Das Vertrauen in die Zusagen der Geschäftsführung sei nachhaltig erschüttert, erklärt Betriebsrat Strosetzky wenig überraschend. Deswegen sei der angekündigte Besuch von Tinken, immerhin seit 30 Jahren selbst im Betrieb, auf der gestrigen Versammlung als so wichtig angesehen worden. Dort habe sich zwar das mittlere Management für die nächtliche Kündigungsaktion entschuldigt, Tinkens Fortbleiben jedoch habe "sehr schwere Enttäuschung" ausgelöst.

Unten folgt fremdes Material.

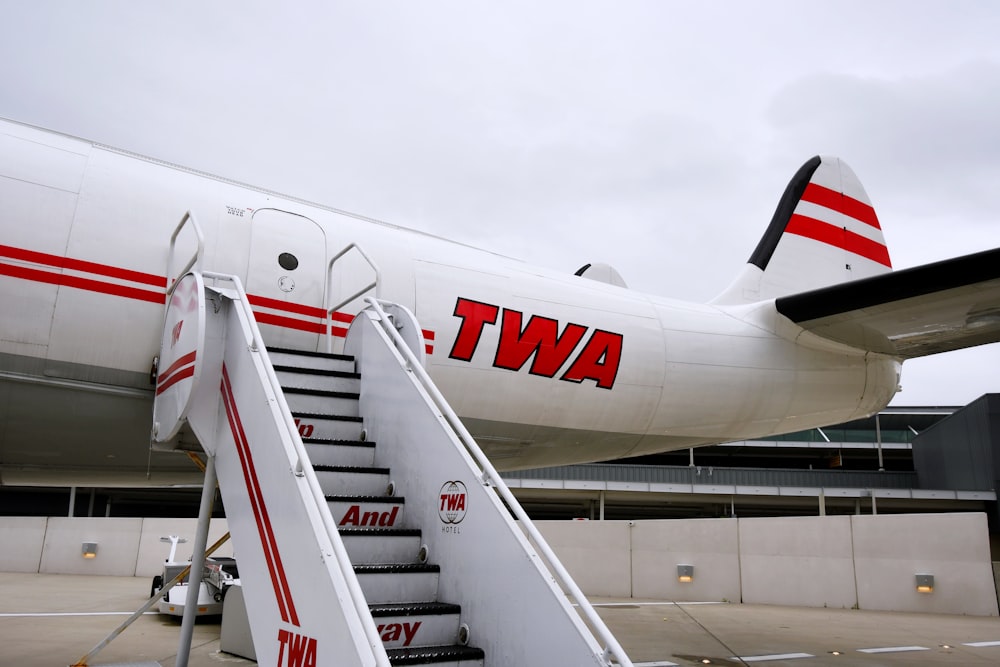 white and red airplane under white sky during daytime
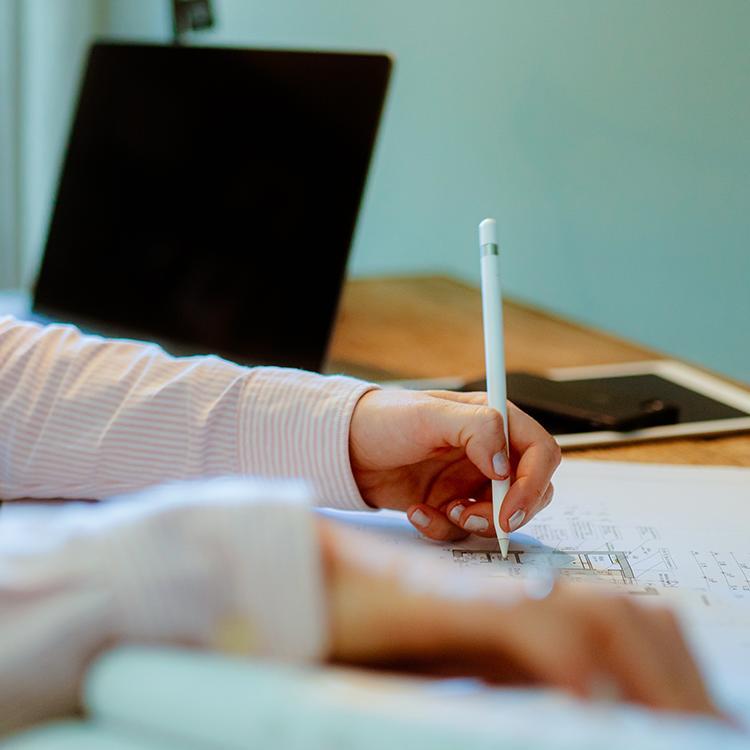 Eine Frau sitzt am Schreibtisch mit einem Stift in der Hand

Bis heute Morgen wollen die MitarbeiterInnen ihren Warnstreik fortsetzen. Die Mahnwache am Haupttor solle außerdem verhindern, dass "in einer weiteren Nacht- und Nebelaktion die Maschinen abtransportiert" werden. Um neun Uhr allerdings kommt ein Besucher, den die Streikenden wohl gern passieren lassen: Michael Grauvogel vom Arbeitsgericht, der vor Ort abermals Güteverhandlungen führen will. Es ist bereits sein dritter Hausbesuch.